[Caption-style text data]
^^^^^^^^^^^^^^^^

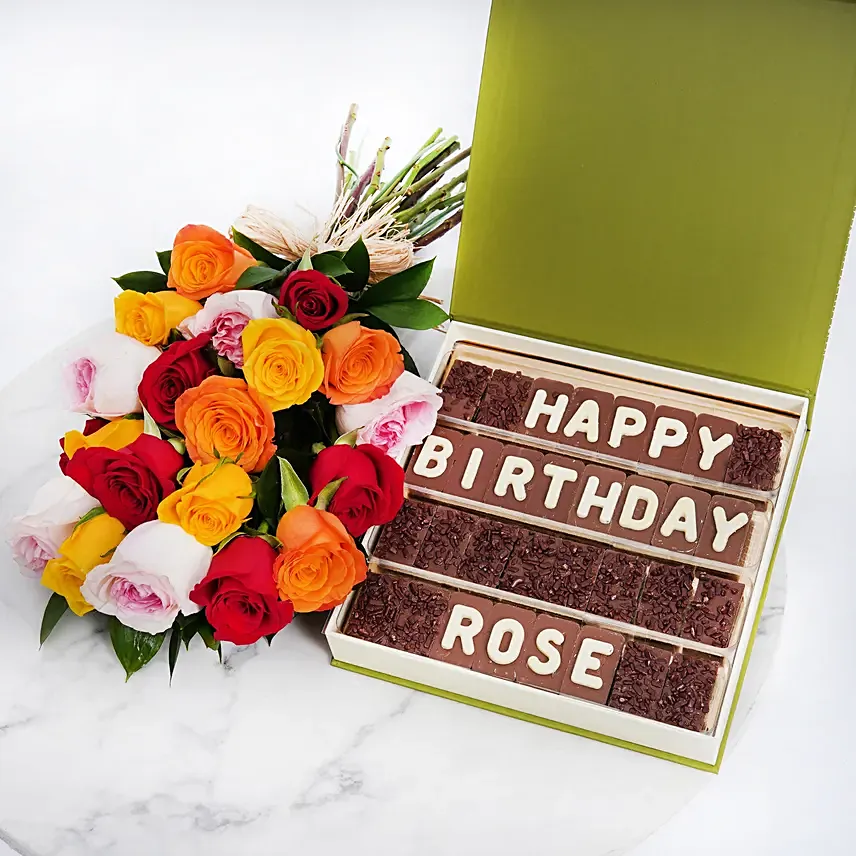 Multicolor Roses n Birthday Chocolates: Flower Bouquets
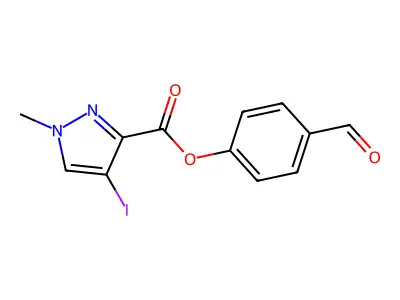 4-formylphenyl 4-iodo-1-methyl-1H-pyrazole-3-carboxylate structure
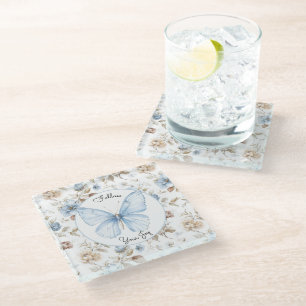 Dessous-de-verre En Verre Fleurs bleues romantiques Papillon Feuilles brunes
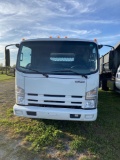 2014 Isuzu NPR Stake Side Flatbed, V8 - Gas, Automatic, Rear Lift Gate, 16 ft Bed, VIN:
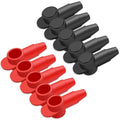 10PCS Silicone Terminal Covers for 10-2AWG Wire, 5PCS Red and 5PCS Black Suitable for Alternator Battery Stud and Power Junction Blocks Q-076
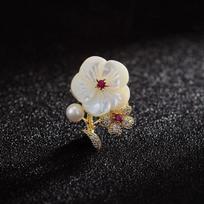 Natural Shell Flower Anti-Light Brooch, Annual Tide Temperament Accessories, Cardigan Buckle, High-End Corsage Pin auksas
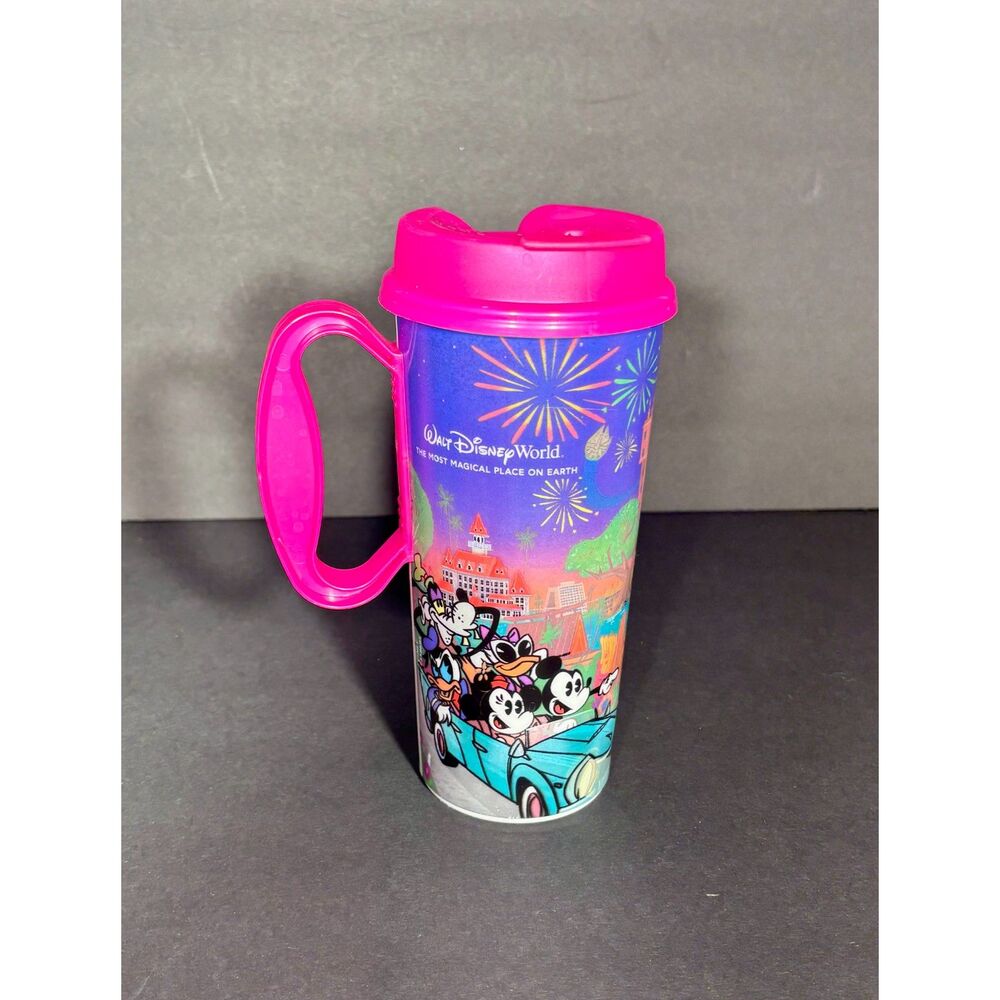 Walt Disney World Refillable Mug Pink Lid Handle Mickey Minnie Resort Souvenir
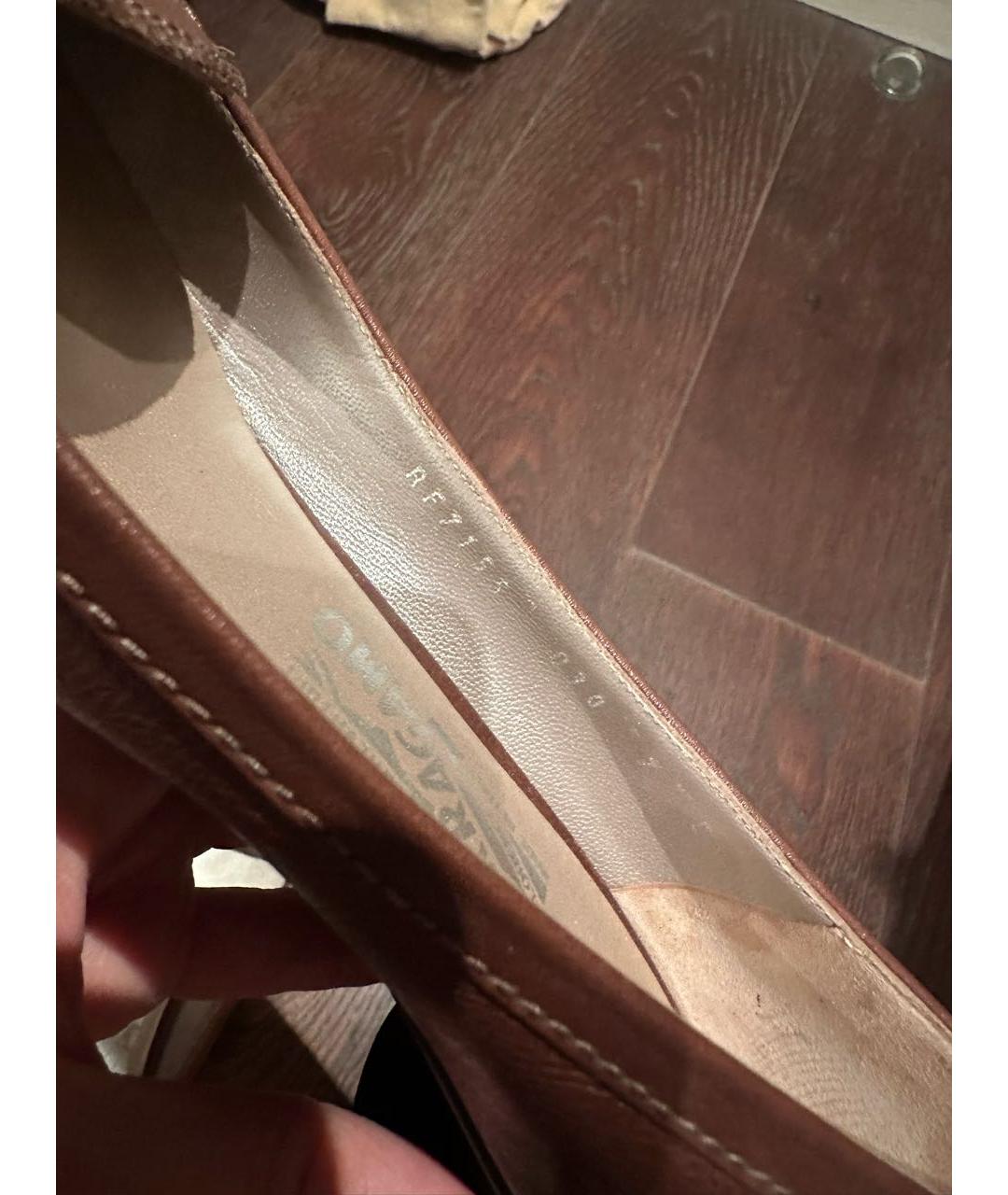 FERRAGAMO Коричневые кожаные туфли, фото 4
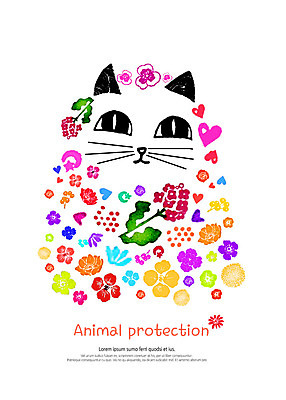 PSD 동물 한마리 꽃 일러스트 수채화 따뜻함 사람없음 컬러풀 귀여움 고양이 보호 감성 동물보호 국내일러스트 식물 1 컬러 컨셉 포유류 반려동물 사회이슈 파일형식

^^^^^^^^^^^^^^^^

Your instructions: Please transcribe exactly the part of the records that opens with the line containing "10PCS Silicone Terminal" and closes with the line containing "Natural Shell Flower", both ends included, and leave out the pictures.

Your response:
 10PCS Silicone Terminal Covers for 10-2AWG Wire, 5PCS Red and 5PCS Black Suitable for Alternator Battery Stud and Power Junction Blocks Q-076
 Natural Shell Flower Anti-Light Brooch, Annual Tide Temperament Accessories, Cardigan Buckle, High-End Corsage Pin auksas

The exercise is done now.